A primeira parte foi só de choramingo. RPGzão reclama que anda sem tempo, desde que casou com a D. Diz que ficou sério, que tem que ser mais profissional por causa da penca de filhos e que a responsabilidade agora está pesando na cabeça. Reclamou demais do imposto, da lei, da dureza de se manter no emprego. Lembrou, cheio de saudade cega, dos tempos bons, quando não tinha tanta regra, quando tudo era preto no branco, quando tudo que tinha que fazer era sair com a gurizada e acordar no dia seguinte sem pretensão alguma.
– Sou um cara das antigas, velho. Oldschool, saca?
Saco. Paguei a primeira rodada de cerveja. RPGzito sempre jura que vai acerta comigo na segunda. Do mesmo jeito que jura parar com o saudosismo. Aprendi a respeitar. Até que dá umas ideias boas.

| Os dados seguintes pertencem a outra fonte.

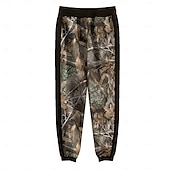 cheap Sweatpants-Men&#039;s Camouflage Hunting Fleece Sweatpants Drawstring Elastic Waist Casual Vintage Retro Outdoor Streetwear with Pockets Warm Fleece Lined Winter 3D Print Blue Green khaki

Depois veio o jogo-do-contente. O cabra começou a se gabar das escapadas, dizendo que esse ano andou aí saindo de novo com a menina nova, gaúcha, bonitona, de apelido engraçado. “Ela tem livros divertidos” conta ele. Olhando a foto, deu pra sentir a simpatia. Pelo que ele me conta, parece uma guria teimosa, querendo ganhar espaço. Andaram fazendo muita coisa, os dois. Ele jura que foram 14 vezes, só com ela. ‘Tá esquentando.
Aí fala das pretensões. Andou pulando a cerca com mais uma (meio de sete luas), deu uns beijos noutra novata, metida a punk/retrô. Mas, com essas, até agora… nada. É um mulherengo, esse Brasileiro. E esperançoso.

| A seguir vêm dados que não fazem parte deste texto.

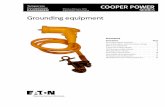 Grounding equipment catalog - eaton.com · See Table 2 K3 15 kV and 25 kV Only . See Table 2 Digits 8 and 9 Cable length 06 6 feet 08 8 feet 10 10 feet 12 12 feet Examplee: 15 kV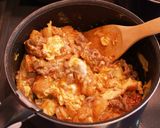 A picture of step 3 of Stamina-Boosting Champuru with Kimchi and Atsuage.
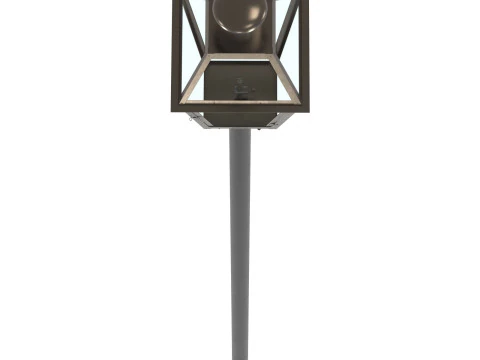 French Quarter Post Mount Gas Lantern 3D Model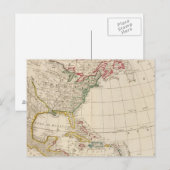 Carte Postale Amérique du Nord (Devant / Derrière)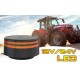 Rotativo Ámbar K-LED Revolution Black 12/24 V Homologado R65 Emergencia Advertencia Señalización Tractor, Camión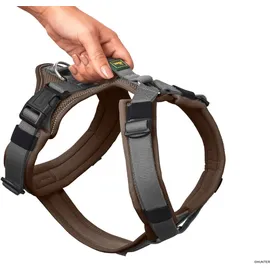 Hunter Maldon Up Hundegeschirr braun/grau M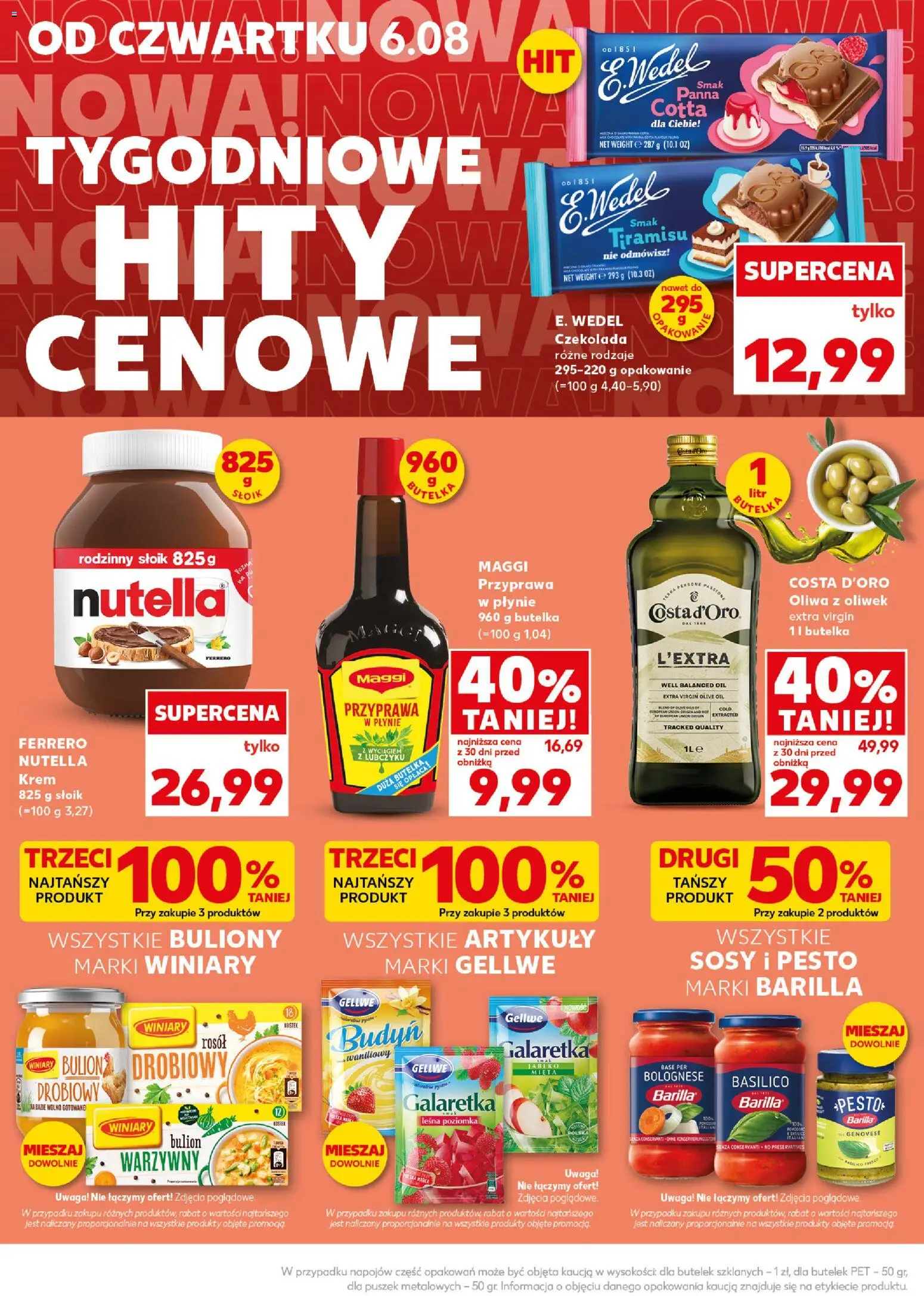Kaufland Polsko leták - Mocny start od 10.08.2026 | Strana: 10 | Produkty: Barilla, Maggi, Krém, Nutella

Mas RPG é aquele tipo de sujeito que não pára o papo antes da vodka. Lá fomos nós. Paguei a mais barata e mandei o dono da birosca botar água. Pra evitar eu ter que carregar o bebum pra casa.
E continuou, contando dos planos pra 2011, falando de como anda todo-todo, de como nunca foi tão fodástico apesar dos aperreios. Mudou a conversa. Disse que tem que ter calma, que vai testando pra ver “qual é”. Que o segredo da vida é ir sem aperreio, ganhando terreno devagarzinho, sem alardear a vantagem aos inimigos. É um poeta. Medroso, mas poeta.
Da minha parte fiquei pensando… 21 vezes ao todo, em aventuras diferentes. O ano rendeu pro cara. Ou não. Parece sexo na terceira idade: você se gaba quando dá a quarta… no mês. Mas, como diz a minha mãe, RPGzão Brasileiro é novo! Tem o quê? 30, 33 anos…?
Somos gentis com os amigos. A gente tem que ser. Tem que dar corda, dizer que vai dar certo. Até ficar quieto pra não dar uma de pai demais. Amigo é aquele que vê a merda e diz “você é uma degraça, mas #euri!”. Amigo é aquele que torce para que as gabações sejam verdadeiras, pelo bem do outro. E que acredita, sempre, que o sujeito é tão pegador quanto ele conta e quanto a mãe dele acha. É parte do processo.
2010 voou mesmo e meu camarada aqui amadureceu umas pitangas. Falta lembrar dos outros, falta saber que ele só cresce mesmo, pra valer, se conseguir ficar mais conhecido pelo trabalho do que pelas cagadas, do que pelas festas do ano. Lembrar que tem que gastar dinheiro pra se promover, pra ganhar dinheiro. Lembrar que tem que fazer mais amigos, porque os antigos envelhecem e vão cuidar da vida.
Mas o cara melhorou, vai. Hoje ele até consegue tirar uma grana, pagar as contas das namoradas (a esposa? Também, claro. Dela, não sei se eu tenho pena ou raiva. Ela é meio lenta. A criatura ficou de fazer umas traduções pra mim, mas todo ano atrasa. Da última demorou seis anos, a maldita. Peguei uma raivinha, mas ainda gosto dela, no sério. Quando faz, capricha. Só que sou mais amigo do Brasileiro do que do casal, nesse caso. Solidariedade masculina, talvez).
Pensando melhor, foi um ano longo, de muita, muita coisa engatilhando. Eu quero ver o resultado, mais pra frente. Vamos torcer. Por enquanto, deixa eu levar RPGzito pra casa, que não teve jeito. Bebeu todas, hoje. De novo.